India's largest state,
RAJASTHAN , emerged after Partition from a mosaic of eighteen feudal kingdoms, known in the British era as
Rajputana , "Land of Kings". Running northeast from Mount Abu, near the border with Gujarat, to within a stone's throw of the ruins of ancient Delhi, its backbone is formed by the bare brown hills of the Aravalli Range, which divide the fertile Dhundar basin from the shifting sands and
khejri -covered flats of the mighty Thar Desert, one of the driest places on earth. As the site of India's recent nuclear tests, this western flank of the country, forming the sensitive border with Pakistan, has become one of the world's most notorious geopolitical hotspots. However, the flat terrain, combined with the lure of the lucrative trans-Thar trade routes, rendered it vulnerable to invasion long before Partition. By taxing the movement of silk, spices and precious stones across their territories, successive rulers - from the Hindu
Rajputs to their medieval Muslim overlords, the Moghuls - amassed vast fortunes, which they poured into ever more ambitious building projects.

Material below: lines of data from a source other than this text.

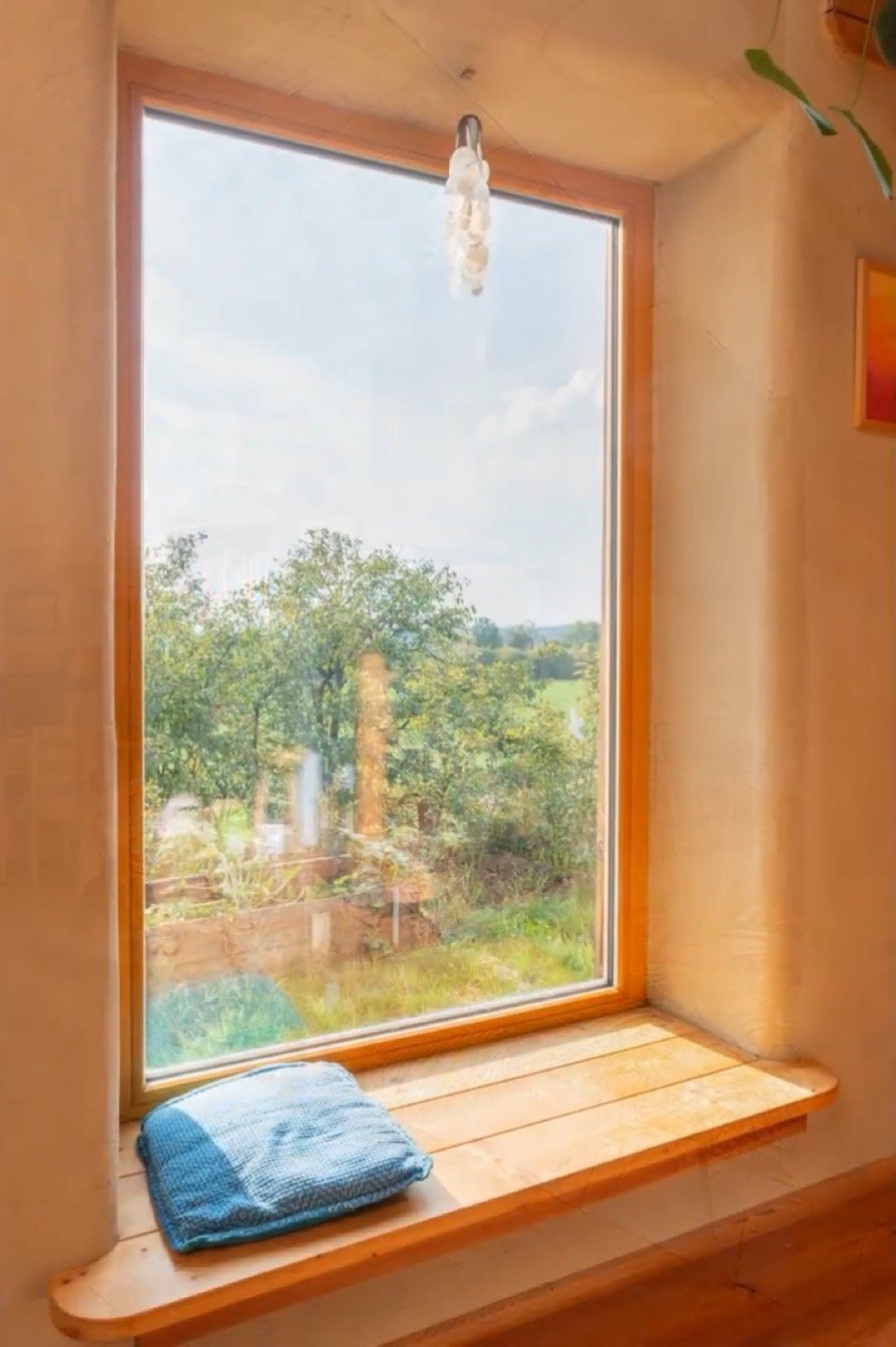 Energeticky soběstačná dřevostavba postavená svépomocí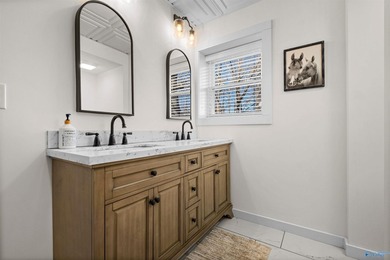 Waterfront living at its best! This newly renovated one-story - photo 32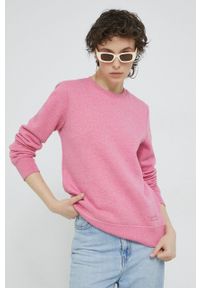Superdry bluza damska kolor różowy melanżowa. Kolor: różowy. Materiał: bawełna, włókno, materiał. Długość rękawa: długi rękaw. Długość: długie. Wzór: melanż #4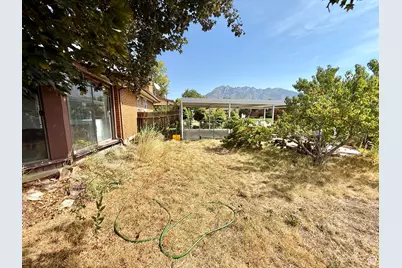 1358 E Maplewood Cir, Murray, UT 84121 - Photo 27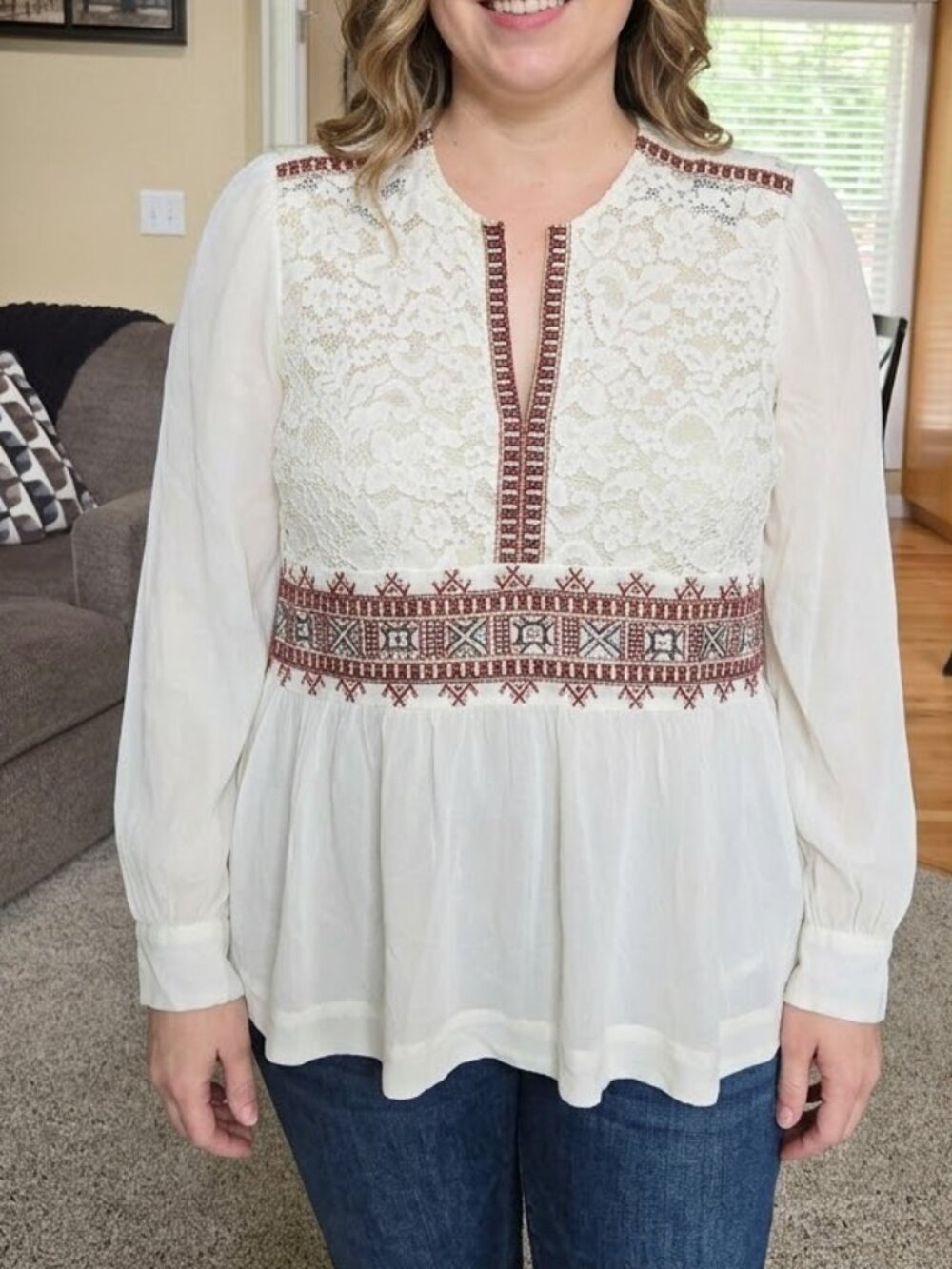 Stella Forest sz 38 lace boho inspired peasant style blouse w peplum flare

Rajasthan's extravagant palaces, forts and finely carved temples today comprise one of the country's richest crop of historic monuments, visited in greater numbers than any other apart from Agra. But these exotic buildings are far from the only legacy of the region's prosperous and militaristic past. Centuries of Rajput rule created a hierarchy of rigid caste distinctions as monolithic as any in the country, bound by codes of chivalry and honour powerful enough to have driven the female population of whole cities to mass suicide, or johar . The Rajputs remain the landowners, dominating the state's political and economic life, while the lot of the lower castes has altered little since feudal times. In recent years, these disparities have led to violent inter-caste confrontations across Rajasthan, sparked off by Rajput resentment at the government's introduction of job and university place quotas for members of oppressed castes.
For visitors, however, Rajasthan's strong adherence to the traditions of the past is precisely what makes it a compelling place to travel. Swaggering moustaches, heavy silver anklets, bulky red, yellow or orange turbans, pleated veils and mirror-inlaid saris may be part of the complex language of caste, but to most outsiders they epitomize India at its most exotic. Nowhere is this traditional flamboyance more vividly expressed than at the annual camel fair at Pushkar , when hundreds of thousands of villagers converge on a sacred lake in the Aravalli Hills to buy and sell livestock, their almost luminous costumes striking against the muted hues of the desert.
Colour also distinguishes Rajasthan's most important tourist cities. Because of the reddish colourwash applied to its ornate facades and palaces in the nineteenth century, Jaipur , the chaotic state capital, is known as the "Pink City". One day's journey to the southwest, Jodhpur 's labyrinthine old walled town, whose sky-blue painted mass of cubic houses is overlooked by India's most imposing hilltop fort, is called the "Blue City". Further west, the remote desert outpost of Jaisalmer , built from a local sandstone that glows in the evening light, is the "Golden City" - birthplace, and undisputed king, of the Rajasthani camel safari . In the far south of the state, Udaipur hasn't gained a colour tag yet, but it could be called the "White City": coated in decaying limewash, its waterside palaces and havelis (mansions) are perfectly reflected in the still waters of Lake Pichola, framed by a distant vista of desert hills.
As an extension to the "Golden Triangle" of Delhi-Agra-Jaipur, the route stringing together these four cities has become the most trodden tourist trail in India. From November until March, thousands of visitors may be moving around it at any one moment, and you'll find the same faces - and the same kinds of souvenir shops, hotels and restaurants - cropping up time and again. But with dependable accommodation and transport available in all but the most out-of-the-way places, it's easy enough to step off the merry-go-round of established sights into more remote areas. Northwest of Jaipur, the desert region of Shekhawati is littered with atmospheric little market towns whose richly painted havelis , castles and mausolea see barely a trickle of visitors. The same is true of Bundi , in the far south of the state, where one of western India's most imposing hilltop palaces presides over a compact warren of traditional buildings that have barely altered since medieval times.
Other incentives to venture into less frequented corners of the state are Rajasthan's wonderful wildlife sanctuaries . Of these, Ranthambore , where you can watch tigers prowling around Rajput ruins and lakeside jungles, is deservedly the most famous, but Sariska , between Jaipur and Agra, boasts almost as many big cats and equally serene landscapes. For sheer profusion, however, the Keoladeo National Park at Bharatpur , on the eastern border of Rajasthan near Agra, is unmatched in South Asia. Literally hundreds of species of birds, from giant saras cranes to tiny scarlet finches and incandescent kingfishers, feed here in the winter months, creating an unforgettable spectacle and a welcome respite from the frenetic cities that inevitably dominate most visitors' itineraries in this state.